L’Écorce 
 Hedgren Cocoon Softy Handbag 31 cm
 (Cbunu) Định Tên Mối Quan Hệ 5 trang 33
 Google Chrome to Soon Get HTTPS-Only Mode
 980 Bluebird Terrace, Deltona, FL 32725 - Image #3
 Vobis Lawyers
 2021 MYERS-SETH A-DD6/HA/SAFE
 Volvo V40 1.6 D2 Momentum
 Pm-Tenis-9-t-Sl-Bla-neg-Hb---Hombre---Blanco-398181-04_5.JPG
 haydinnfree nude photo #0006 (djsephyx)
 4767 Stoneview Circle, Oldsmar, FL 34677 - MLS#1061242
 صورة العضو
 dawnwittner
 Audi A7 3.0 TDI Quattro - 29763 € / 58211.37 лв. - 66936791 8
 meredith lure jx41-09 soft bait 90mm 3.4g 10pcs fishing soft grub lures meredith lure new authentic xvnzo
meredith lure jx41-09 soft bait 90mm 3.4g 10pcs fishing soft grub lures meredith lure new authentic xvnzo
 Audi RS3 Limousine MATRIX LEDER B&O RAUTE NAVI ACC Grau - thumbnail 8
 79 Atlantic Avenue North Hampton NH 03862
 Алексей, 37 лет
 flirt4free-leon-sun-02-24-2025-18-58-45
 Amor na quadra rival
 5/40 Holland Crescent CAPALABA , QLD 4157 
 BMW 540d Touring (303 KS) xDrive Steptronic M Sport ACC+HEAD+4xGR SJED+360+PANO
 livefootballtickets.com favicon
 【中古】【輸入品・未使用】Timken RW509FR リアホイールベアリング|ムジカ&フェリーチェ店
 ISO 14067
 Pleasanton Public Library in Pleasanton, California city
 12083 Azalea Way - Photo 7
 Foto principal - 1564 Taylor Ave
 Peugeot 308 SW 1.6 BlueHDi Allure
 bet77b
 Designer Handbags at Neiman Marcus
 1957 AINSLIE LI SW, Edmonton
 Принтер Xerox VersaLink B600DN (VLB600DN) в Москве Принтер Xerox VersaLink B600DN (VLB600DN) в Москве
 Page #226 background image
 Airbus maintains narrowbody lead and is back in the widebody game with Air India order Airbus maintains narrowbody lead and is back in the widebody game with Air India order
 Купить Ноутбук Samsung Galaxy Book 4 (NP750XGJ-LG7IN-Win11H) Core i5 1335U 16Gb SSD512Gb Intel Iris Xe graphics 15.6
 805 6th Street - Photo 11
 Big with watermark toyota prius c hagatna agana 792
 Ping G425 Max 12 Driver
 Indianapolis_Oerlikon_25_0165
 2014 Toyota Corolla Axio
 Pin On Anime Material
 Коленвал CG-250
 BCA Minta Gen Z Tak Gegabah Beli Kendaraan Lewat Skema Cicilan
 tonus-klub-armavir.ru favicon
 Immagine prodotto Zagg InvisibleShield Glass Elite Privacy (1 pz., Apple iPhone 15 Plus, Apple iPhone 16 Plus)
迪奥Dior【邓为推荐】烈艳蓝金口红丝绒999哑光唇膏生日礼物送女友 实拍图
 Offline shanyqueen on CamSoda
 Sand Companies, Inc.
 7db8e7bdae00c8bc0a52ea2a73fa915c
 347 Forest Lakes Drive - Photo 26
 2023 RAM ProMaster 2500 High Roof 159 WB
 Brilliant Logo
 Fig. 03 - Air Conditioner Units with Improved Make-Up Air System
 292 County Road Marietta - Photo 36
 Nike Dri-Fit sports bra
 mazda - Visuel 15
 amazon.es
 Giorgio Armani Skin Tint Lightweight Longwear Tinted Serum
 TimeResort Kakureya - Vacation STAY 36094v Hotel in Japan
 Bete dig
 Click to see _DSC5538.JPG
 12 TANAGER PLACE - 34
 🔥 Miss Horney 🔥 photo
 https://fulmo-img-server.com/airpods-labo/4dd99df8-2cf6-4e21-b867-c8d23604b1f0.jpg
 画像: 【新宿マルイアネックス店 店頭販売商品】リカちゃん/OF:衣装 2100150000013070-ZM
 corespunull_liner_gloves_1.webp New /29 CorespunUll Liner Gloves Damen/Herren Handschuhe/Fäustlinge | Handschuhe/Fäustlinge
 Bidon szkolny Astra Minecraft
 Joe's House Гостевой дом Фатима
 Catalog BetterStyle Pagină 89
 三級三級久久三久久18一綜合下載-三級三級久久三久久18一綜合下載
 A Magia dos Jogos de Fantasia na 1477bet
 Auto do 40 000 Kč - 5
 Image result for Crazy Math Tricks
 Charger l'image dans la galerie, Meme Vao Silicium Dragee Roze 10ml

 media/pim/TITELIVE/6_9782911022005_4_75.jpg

Task goal: Out of the data above, return each line where the word "xvnzo" can be found.

Answer to the problem:
 meredith lure jx41-09 soft bait 90mm 3.4g 10pcs fishing soft grub lures meredith lure new authentic xvnzo
meredith lure jx41-09 soft bait 90mm 3.4g 10pcs fishing soft grub lures meredith lure new authentic xvnzo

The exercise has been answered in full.